Ülkemizde çıkan gazeteler, bu anlamda, ne kadar 'gazete' sayılabilir? Ortalıkta 'gazeteci' pozuyla gezinenlerin ne kadarı gerçek anlamda 'gazeteci' olmayı hak ediyor?
Her gazete ve gazetecinin bir siyasi eğilimi olabilir elbette; olayları yorumlarken o eğilimin penceresinden bakması hiç de yadırganmaz. Bu bakımdan iktidara veya muhalefet partilerine yakın olmak, siyaset skalasında tercihte bulunmak, ideolojik bir tavrı bulunmak ayıplanacak bir durum değildir. Ayıplanacak olan, siyasi eğilimi (veya bir takım çıkar hesapları) uğruna gerçekleri çarpıtmaktır.

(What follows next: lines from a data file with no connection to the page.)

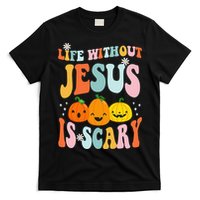 Life Without Jesus is Scary Fall Christian Halloween Jesus T-Shirt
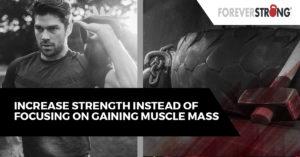 Increase Strength Instead Of Focusing On Gaining Muscle Mass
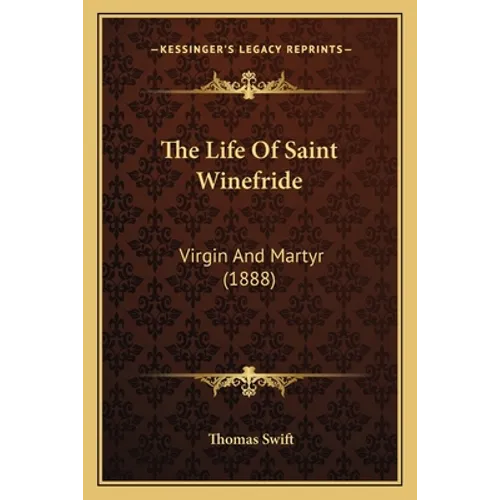 The Life Of Saint Winefride: Virgin And Martyr (1888)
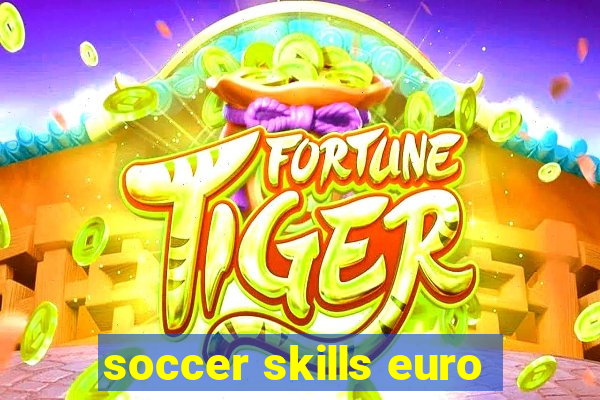 soccer skills euro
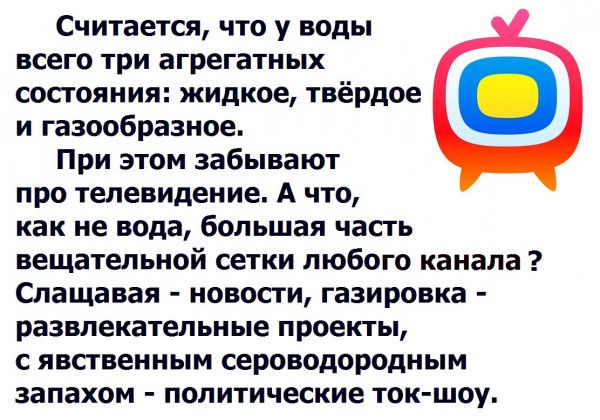 Считается что у воды всего три агрегатных состояния жидкое твёрдое и газообразное При этом забывают про телевидение А что как не вода большая часть вещательной сетки любого канала Слащавая новости газировка развлекательные проекты с явственным сероводородным запахом политические ток шоу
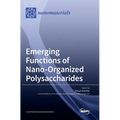 Emerging Functions of Nano-Organized Polysaccharides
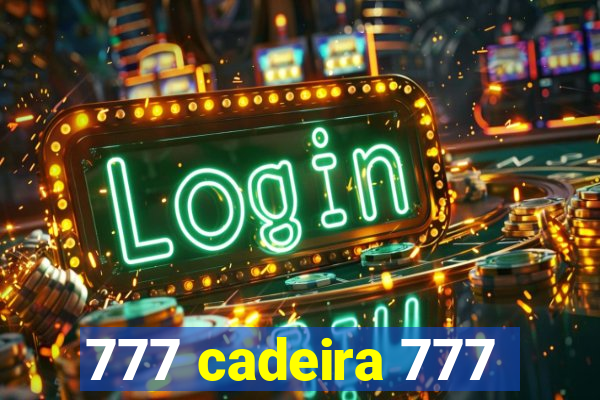 777 cadeira 777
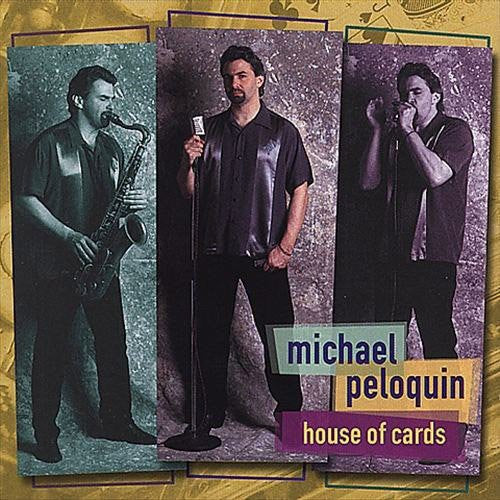 Michael Peloquin: House of Cards  ( CD )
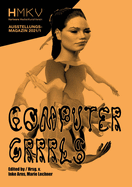 Computer Grrls: HMKV Ausstellungsmagazin 2021/01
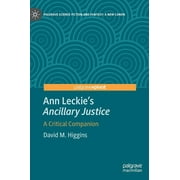 Palgrave Science Fiction and Fantasy: A New Canon: Ann Leckie's Ancillary Justice: A Critical Companion (Hardcover)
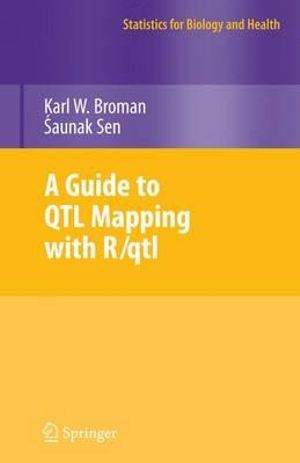 A Guide to QTL Mapping with R/qtl : Statistics for Biology and Health - Karl W. Broman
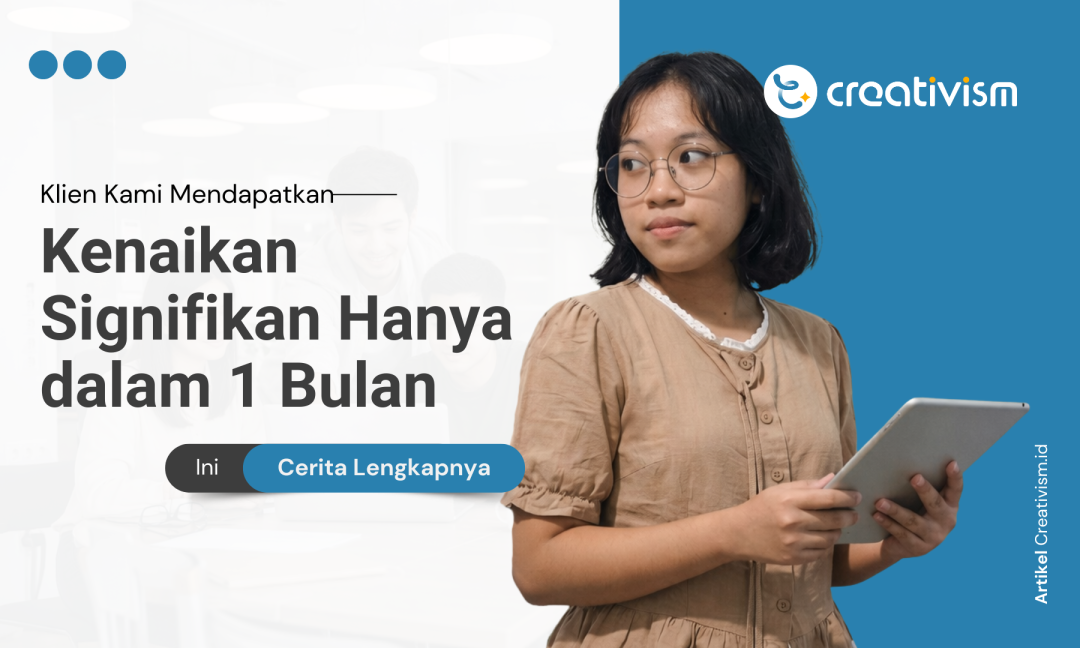 Klien SEO Kami Dapatkan Kenaikan Performa Signifikan Hanya dalam 1 Bulan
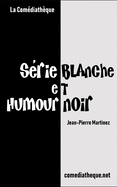 S?rie Blanche Et Humour Noir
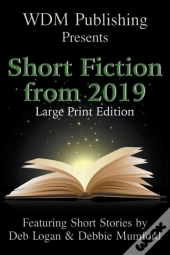 Wdm Presents: Short Fiction From 2019  L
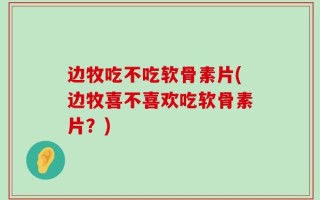 边牧吃不吃软骨素片(边牧喜不喜欢吃软骨素片？)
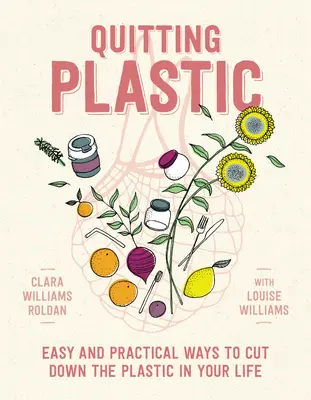 Kilépés a műanyagból: Egyszerű és gyakorlatias módszerek a műanyag csökkentésére az életedben - Quitting Plastic: Easy and Practical Ways to Cut Down the Plastic in Your Life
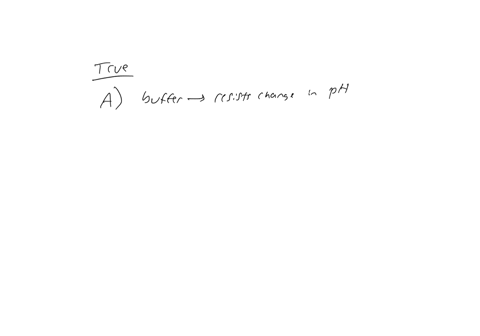 question-5-4-points-select-the-statements-that-are-true-about-chemical-buffers-a-a-chemical-buffer-is-an-aqueous-solution-that-resists-mathrmph-changes-when-small-quantities-of-an-acid-or-base-are-add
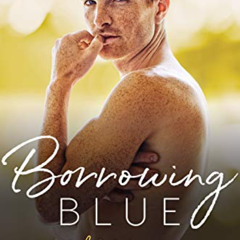 [READ] KINDLE 📒 Borrowing Blue: Made Marian Series Book 1 by  Lucy Lennox [PDF EBOOK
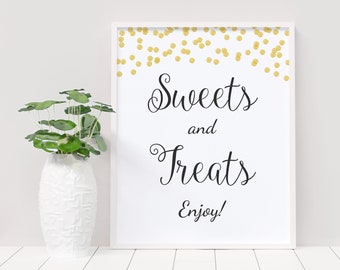 Sweets & Treats Sign Printable, Dessert Table Sign, Sweets Bar Sign, Gold Confetti, Wedding Candy Table Sign Decor, Sweets and Treats, A001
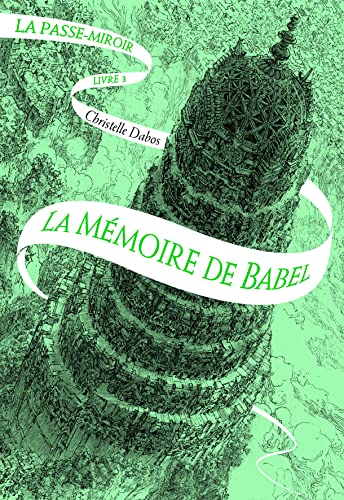 La Passe-miroir T. 3 : La mémoire de Babel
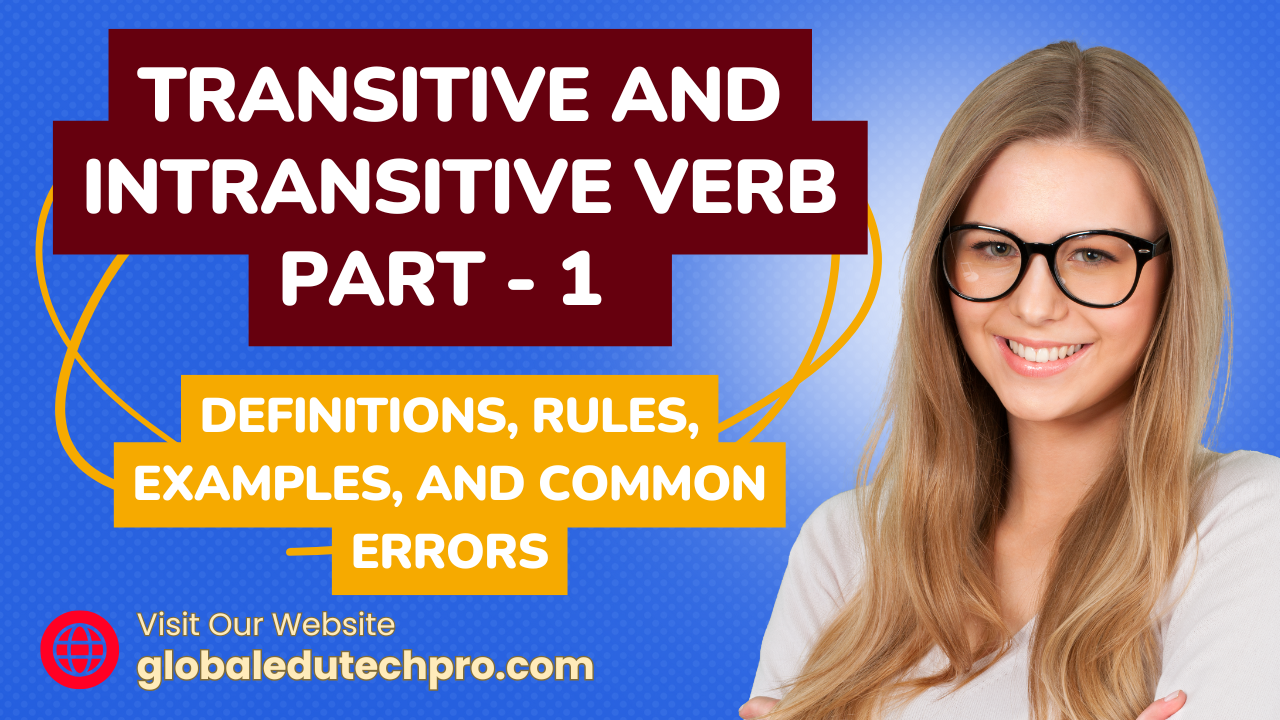 Intransitive Master Transitive and Intransitive Verbs – Complete Power Guide ...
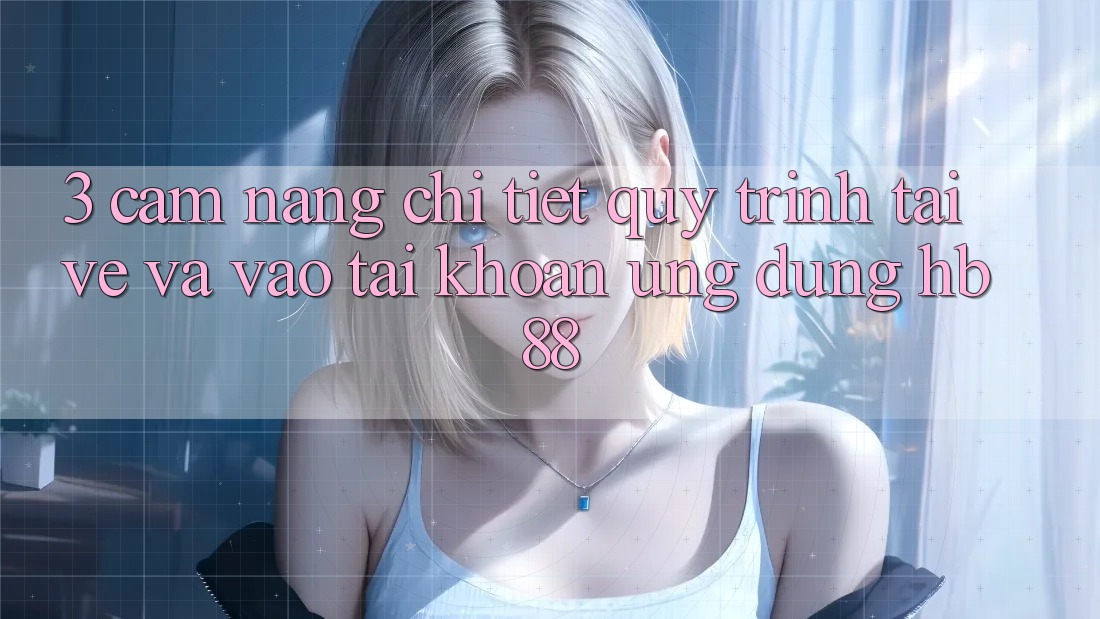 3. Cẩm nang Chi Tiết Quy Trình Tải về Và Vào tài khoản Ứng Dụng HB88 3. Cẩm nang Chi Tiết Quy Trình Tải về Và Vào tài khoản Ứng Dụng HB88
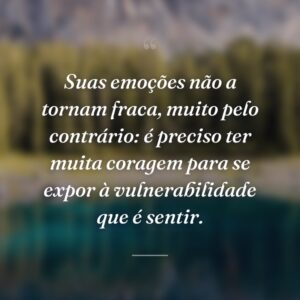 Suas emoções não a tornam fraca, muito pelo contrário: é preciso ter muita coragem para se expor à vulnerabilidade que é sentir.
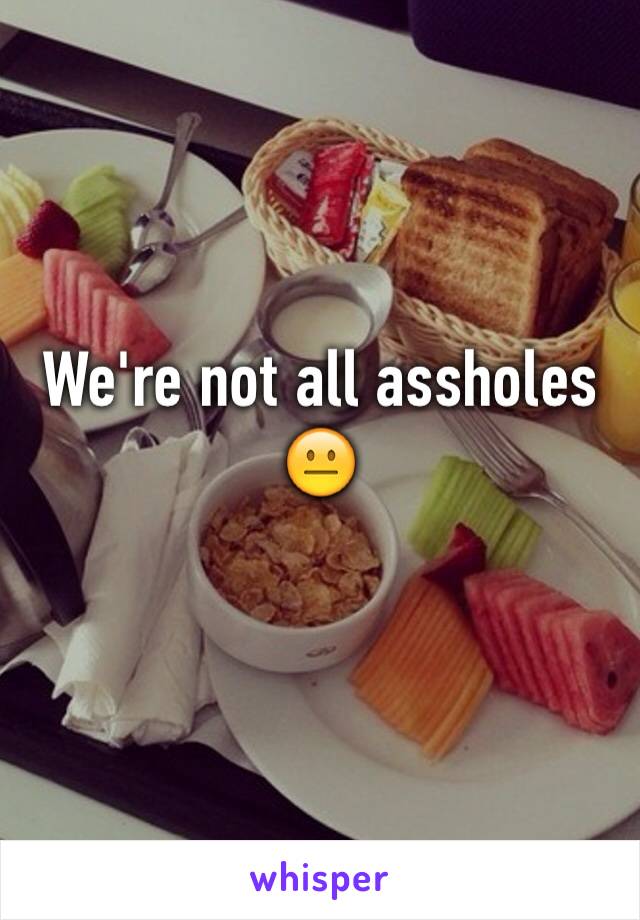 We're not all assholes😐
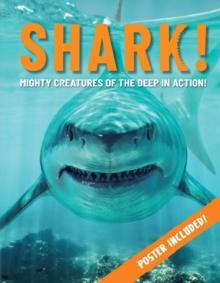 Shark! : Mighty Creatures of the Deep in Action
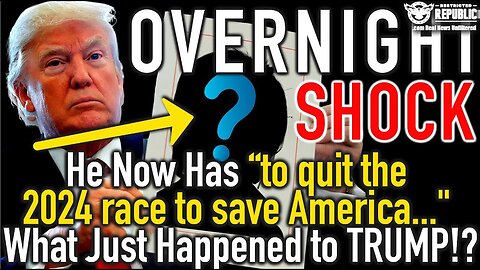 Overnight SHOCK WAVE! He Needs “to quit the 2024 race to save America” What Just Happened..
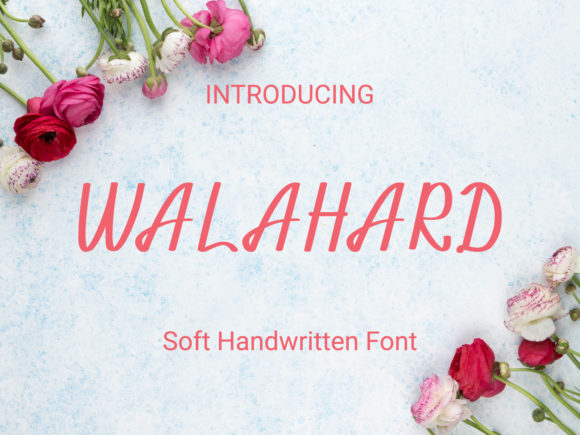 Walahard: A Sweet, Soft Handwritten Font for Creative Projects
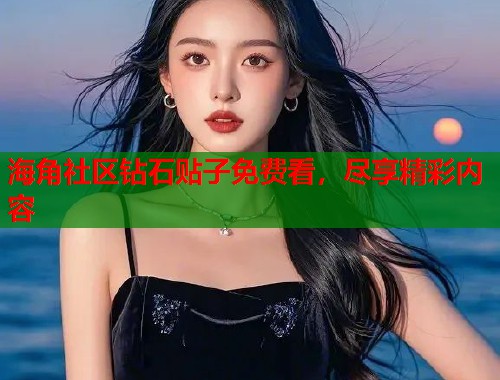 海角社区钻石贴子免费看，尽享精彩内容  第2张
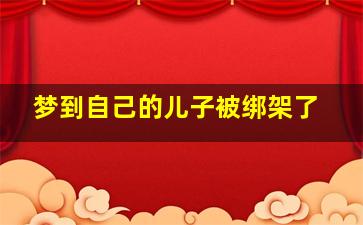 梦到自己的儿子被绑架了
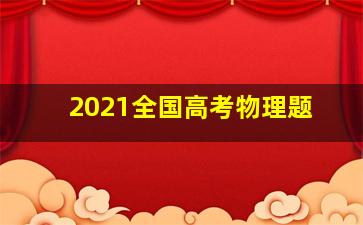 2021全国高考物理题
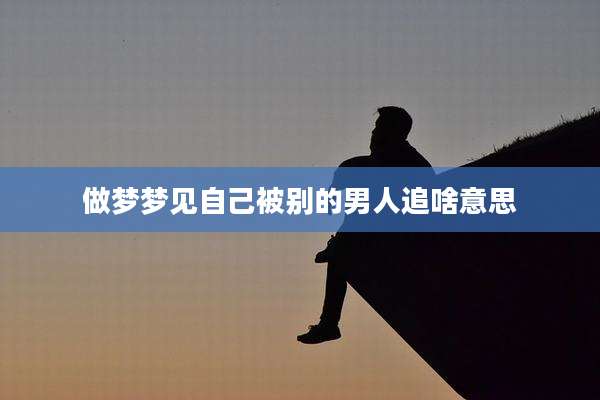 做梦梦见自己被别的男人追啥意思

Türkiye'de bu alanda yaşanan sıkıntıların kaynağında kimlik sahtekârlığı yatıyor. Başkalarını 'iktidara yandaş' olmakla itham eden gazetelerin kendileri 'ülkedeki esas iktidara yandaş' oldukları için o sıfatı fazlasıyla hak ediyorlar...
Bir gerçeği inkâr edemem: Bugün ülkemizdeki gazeteler ve gazeteciliğin genel durumu önceki yıllarla mukayese edilemeyecek kadar iyileşmiş bulunuyor. İkisi-üçü biraraya gelince ülke dengelerini sarsabilecek bir güce kavuşan ve bu gücü ülke ve değerleri aleyhine kullanabilen 'kartel' görüntüsü geride kaldı hiç değilse... Tek-sesli, tek-renkli medya tablosunun yerini çok-sesli ve rengârenk bir tablo aldı. Yarın bu tablo daha da renklenecek ve zenginleşecek...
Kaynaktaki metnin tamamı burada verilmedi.